A HYBRID APPROACH FOR ONTOLOGY-BASED INFORMATION EXTRACTION

Fernando Gutierrez

Information extraction (IE) is the process of automatically transforming written natural language (i.e., text) into structured information, such as a knowledge base. However, because natural language is inherently ambiguous, this transformation process is highly complex. On the other hand, as IE moves from the analysis of scientific documents to the analysis of Internet textual content, we cannot rely completely on the assumption that the content of the text is correct. Indeed, in contrast to scientific documents, which are peer reviewed, Internet content is not verified for the quality and correctness.

Thus, two main issues that affect the IE process are the complexity of the extraction process and the quality of the data.
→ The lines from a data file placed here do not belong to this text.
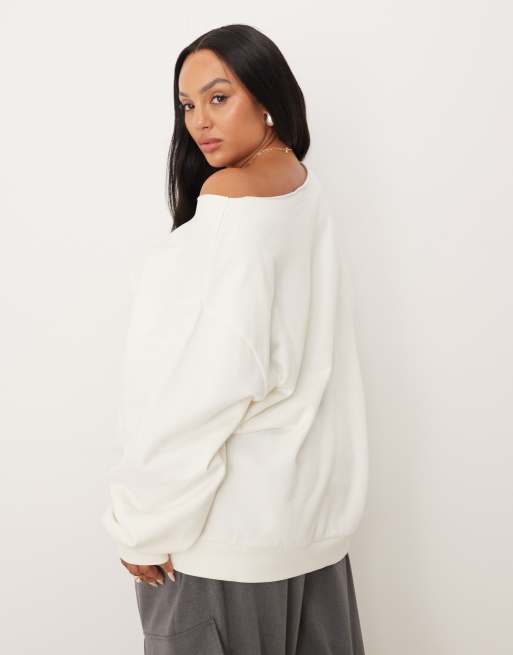 ASOS DESIGN Curve oversized off shoulder sweatshirt in white, 3 of 4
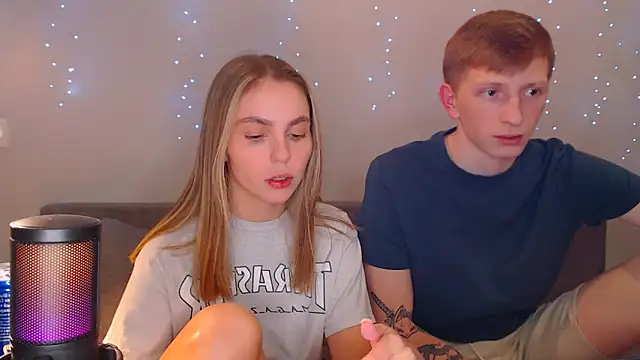 juliaanddima online show from 03-18-25, 09:10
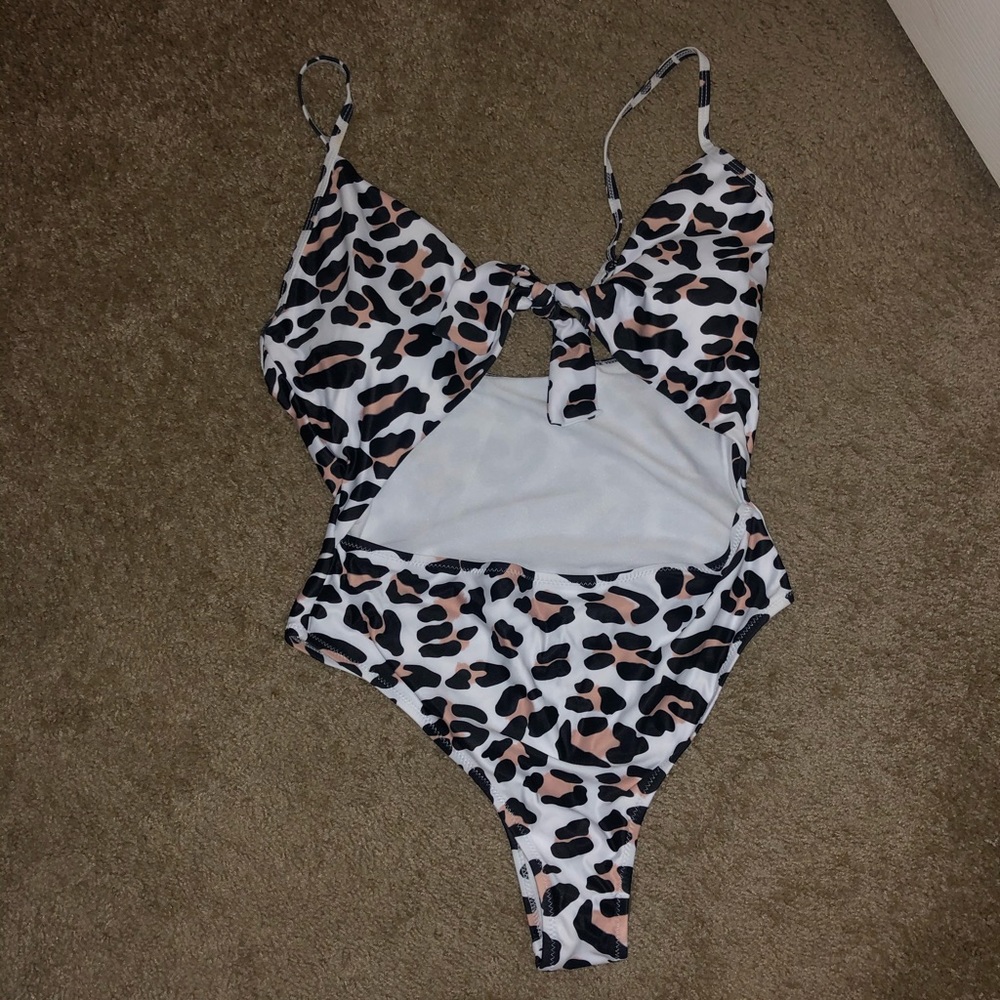 NEVER WORN! Animal print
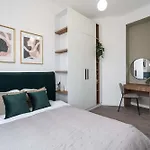 Contemporary 2-br Flats Near Old Town, Quiet & Serene 公寓 布加勒斯特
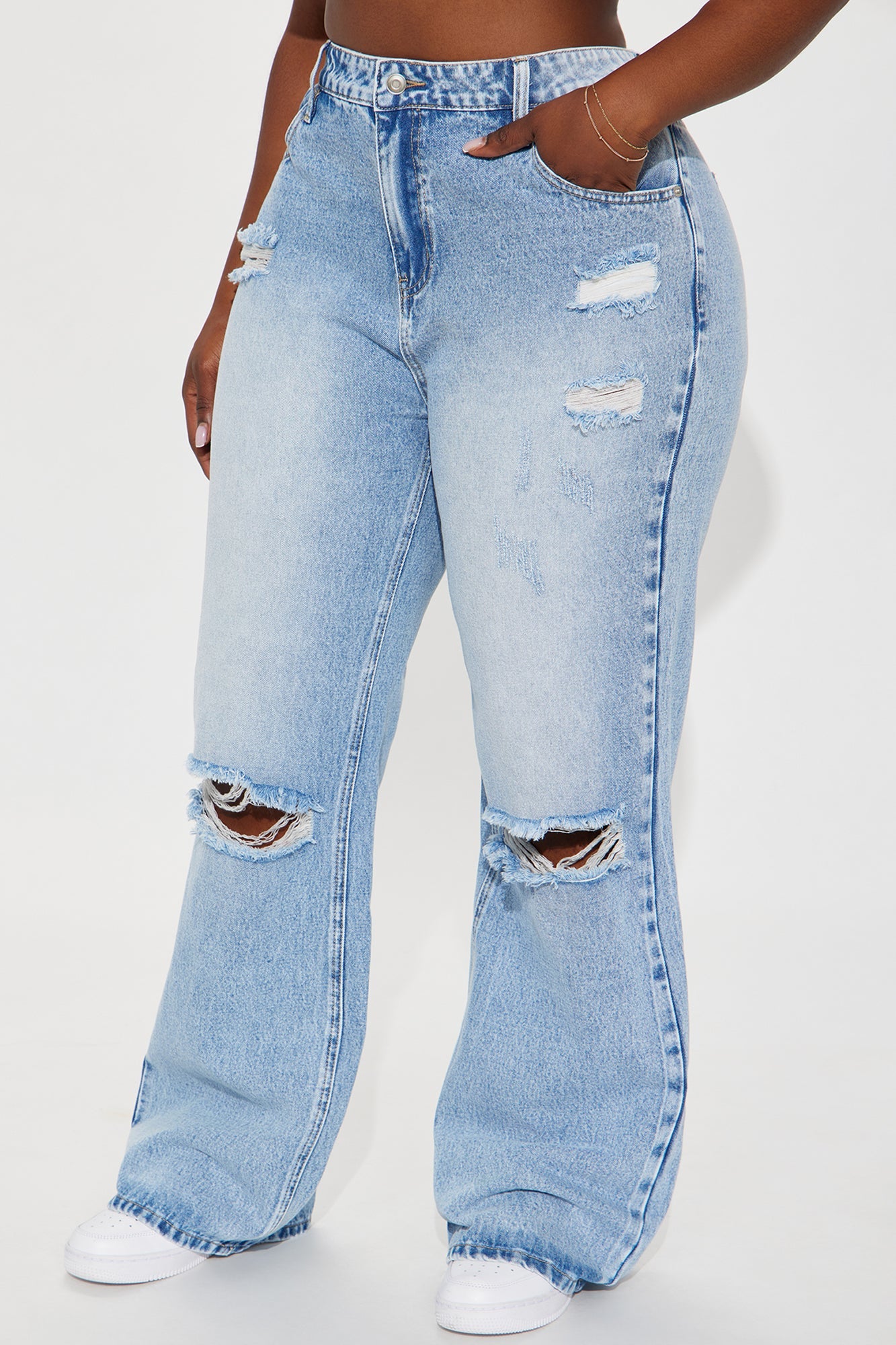 Wondering Why Ripped Straight Leg Jeans - Medium Wash.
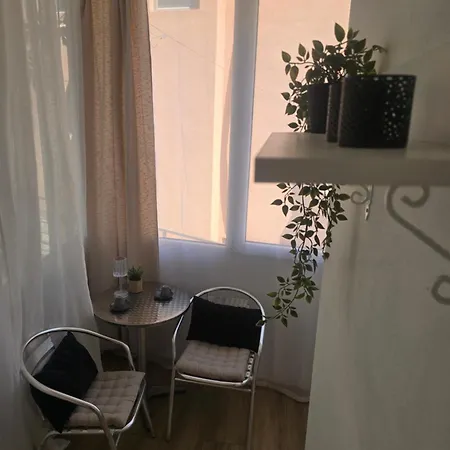 Luxury Centre Iva Апартамент *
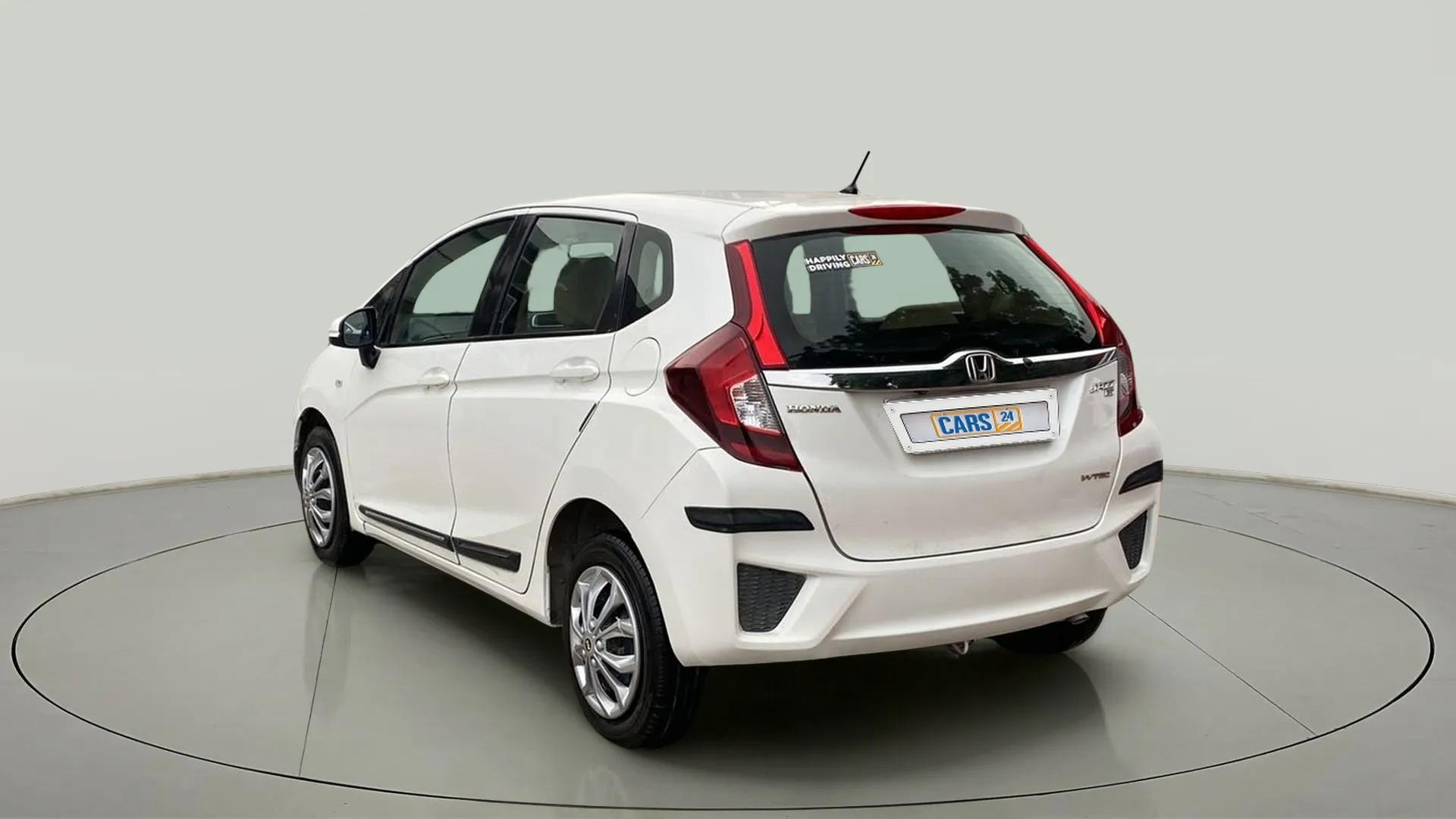 View 2017 Honda Jazz E MT Diesel Image 2 Used 2017 Honda Jazz E MT Diesel Image 2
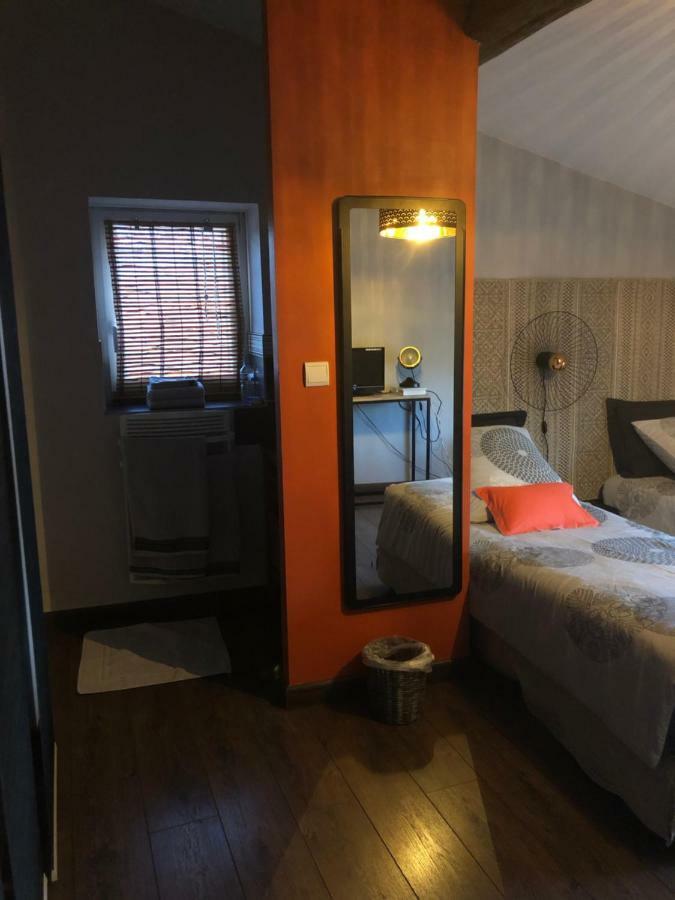 Communay Gablys Chambres Εξωτερικό φωτογραφία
In this dissertation, we propose an improved ontology-based IE (OBIE) by providing solutions to these issues of accuracy and content quality. Based on a hybrid strategy that combines aspects of IE that are usually considered as opposite to each other, or that are not even considered, we intend to improve IE by developing a more accurate extraction and new functionality (semantic error detection). Our approach is based on OBIE, a sub-area of IE, which reduces extraction complexity by including domain knowledge, in the form of concepts and relationships of the domain, to guide the extraction process.

We address the complexity of extraction by combining information extractors that have different implementations. By integrating different types of implementation into one extraction system, we can produce a more accurate extraction. For each concept or relationship in the ontology, we can select the best implementation for extraction, or we can combine both implementations under an ensemble learning schema. In tandem, we address the quality of information by determining its semantic correctness with regard to domain knowledge. We define two methods for semantic error detection: by predefining the types of errors expected in the text or by applying logic reasoning to the text.

This dissertation includes both published and unpublished coauthored material.